David Reade QC, representing Uber, argued drivers have a choice about their work, there is nothing to force them to work exclusively for Uber, and they are free to work with other private hire operators.
The private tax hire firm said it would be appealing against the judgment.
Jo Bertram, the company's regional general manager, said: "Tens of thousands of people in London drive with Uber precisely because they want to be self-employed and their own boss.
"The overwhelming majority of drivers who use the Uber app want to keep the freedom and flexibility of being able to drive when and where they want. While the decision of this preliminary hearing only affects two people we will be appealing it."
The ruling is likely to have significant implications for other operators in the industry.
Alex Bearman, a partner at Russell-Cooke solicitors in London, said: "The company now faces having to fund costly benefits for its drivers such as holiday pay, sick pay and pension contributions.
"It is possible that it will look to do so by increasing the percentage of each fare that it keeps as commission."
Aye Limbin Glassey, employment partner at Shakespeare Martineau law firm, said the ruling would "not only impact Uber but a whole number of other industries and businesses which use self-employed workers".
"The very nature of a business like Uber is the flexibility it offers.

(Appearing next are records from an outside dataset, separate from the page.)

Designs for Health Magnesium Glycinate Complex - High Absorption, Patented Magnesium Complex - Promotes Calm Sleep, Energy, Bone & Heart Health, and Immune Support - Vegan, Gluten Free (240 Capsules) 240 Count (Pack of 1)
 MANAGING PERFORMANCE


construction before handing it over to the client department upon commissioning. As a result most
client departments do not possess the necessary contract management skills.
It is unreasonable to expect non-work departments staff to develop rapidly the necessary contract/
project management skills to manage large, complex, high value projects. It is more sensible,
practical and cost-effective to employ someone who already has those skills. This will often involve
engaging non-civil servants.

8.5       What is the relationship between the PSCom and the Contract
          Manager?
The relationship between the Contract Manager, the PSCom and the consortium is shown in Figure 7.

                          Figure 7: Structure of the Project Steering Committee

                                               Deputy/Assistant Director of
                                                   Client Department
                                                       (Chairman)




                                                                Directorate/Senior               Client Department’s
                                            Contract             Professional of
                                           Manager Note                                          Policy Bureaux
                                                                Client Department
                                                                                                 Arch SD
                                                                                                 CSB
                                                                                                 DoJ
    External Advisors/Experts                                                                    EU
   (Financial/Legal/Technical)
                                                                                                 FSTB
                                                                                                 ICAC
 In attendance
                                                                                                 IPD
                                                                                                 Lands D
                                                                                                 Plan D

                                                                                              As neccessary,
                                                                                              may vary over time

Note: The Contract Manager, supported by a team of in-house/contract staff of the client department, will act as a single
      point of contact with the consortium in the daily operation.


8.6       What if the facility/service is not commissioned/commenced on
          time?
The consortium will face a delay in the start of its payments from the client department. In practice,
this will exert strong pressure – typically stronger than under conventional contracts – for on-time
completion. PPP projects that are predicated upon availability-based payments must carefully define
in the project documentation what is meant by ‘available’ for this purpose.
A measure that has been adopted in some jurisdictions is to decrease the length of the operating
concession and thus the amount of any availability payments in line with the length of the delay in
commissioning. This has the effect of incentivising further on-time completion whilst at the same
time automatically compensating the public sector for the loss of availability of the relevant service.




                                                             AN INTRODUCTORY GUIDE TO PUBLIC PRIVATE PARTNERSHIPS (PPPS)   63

However, employment practices cannot be left unregulated and rights of workers and employees cannot be ignored unless businesses are willing and ready to face the backlash of legal and reputational repercussions.
"It is stark reality that the application of employment rights will often mean that companies are unable to adopt the agility needed to support its success.
"With consumer convenience the driver of many fast-growing businesses, it is likely that we'll see more businesses of this nature coming to market and using self-employed workers will become a greater concern for companies."
Uber, which has its headquarters in the Netherlands, has previously argued that UK drivers should not be allowed to enforce UK employment rights in UK courts, and should only seek arbitration in the Dutch courts.